It happens every year. One or more students ask me if I think the Apollo moon landings were a hoax. I teach critical media studies at Temple University in downtown Philadelphia, where the diverse collection of urban students are street smart, open-minded, and hard-working. This is not an indictment of students in my classes. I’m sure it happens at other colleges and universities. Frankly, it’s not surprising that some American college students wonder about the Apollo 11 moon landings, given that polls and surveys show 24% of Americans and 25% of British citizens believe NASA faked the moon landings. Some people believe that NASA paid director Stanley Kubrick to film the fake footage.

For more of my critiques of conspiracy culture in Medium, click on THEORY/ON/CONSPIRACY.

The internet and YouTube are littered with zillion of claims that NASA masterminded an Apollo hoax. Christopher Nolan’s Interstellar (2014) depicts this issue in the scene where Matthew McConaughey confronts the future educators who deny NASA landed humans on the moon. Why are there so many attacks on the great achievements of Apollo? One reason is because of the rise of pseudoscience in popular culture.

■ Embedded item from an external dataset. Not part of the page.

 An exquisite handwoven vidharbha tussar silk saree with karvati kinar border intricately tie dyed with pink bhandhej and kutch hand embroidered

Pseudoscience in the Guise of Skepticism

The students skeptical of the Apollo moon landings are often those who fashion themselves as rebels, anti-authoritarians, and challengers to the American cultural orthodoxy. Of course, being skeptical of the US government is understandable in general. Like all other political systems throughout history, the US government has lied, currently lies, and will lie again in the future. Governments are always lying about something. It’s obvious the US government is still lying about the Kennedy assassination, but there is zero doubt NASA sent humans to the moon.

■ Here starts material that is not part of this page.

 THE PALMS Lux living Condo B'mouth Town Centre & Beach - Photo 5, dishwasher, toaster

It saddens me that youthful rebellion and much-needed government skepticism are channeled into pseudoscientific nonsense—not unlike the “ancient astronaut theorists” celebrated in the long-running Ancient Aliens (2010-) series, which is repeatedly aired on the History Channel in the United States.

Like those who deny the Apollo moon landings, the ancient astronaut theorists present themselves as rebels against the mainstream orthodoxy of modern science and archaeology. They offer nothing other than an endless stream of bogus “evidence” for the scientifically illiterate and well-intentioned skeptics, like the students who ask me about Apollo. My debunking of the “ancient astronaut theorists” is (by far) my most read essay in Medium. It has thousands of readers, who I assume agree with the ancient astronaut theory because the essay also has very few likes and little applause. Yet not one reader has even remotely challenged any of my arguments. There are reasons why this particular version of pseudoscience exists, but I’ll save that for the end of this essay.

In 1969, the video and television technologies weren’t advanced enough to stage and fake the moon landing in any plausible way. NASA didn’t have anything like CGI or Photoshop back then. The TV cameras were primitive compared to the cameras of 2017, with HD and 360-degree perspectives. Though the fake moon-landing claims have been debunked on the internet, here are some of the most obvious reasons the Apollo moon landings could not have been faked.

1. 842 pounds of Moon Rocks

The astronauts on the six Apollo missions retrieved 842 pounds of moon rocks that were brought to Earth and shared with scientists around the world. If the rocks were from our planet and not from the moon, the scientists would surely have realized that and called NASA on its trickery. NASA still loans out sample moon rocks to educators and scientists from around the world. Could they all be in on the hoax across 50 years?

NASA still loans lunar samples to scientists and educators. Image from NASA website, October 20, 2017. Images in the public domain.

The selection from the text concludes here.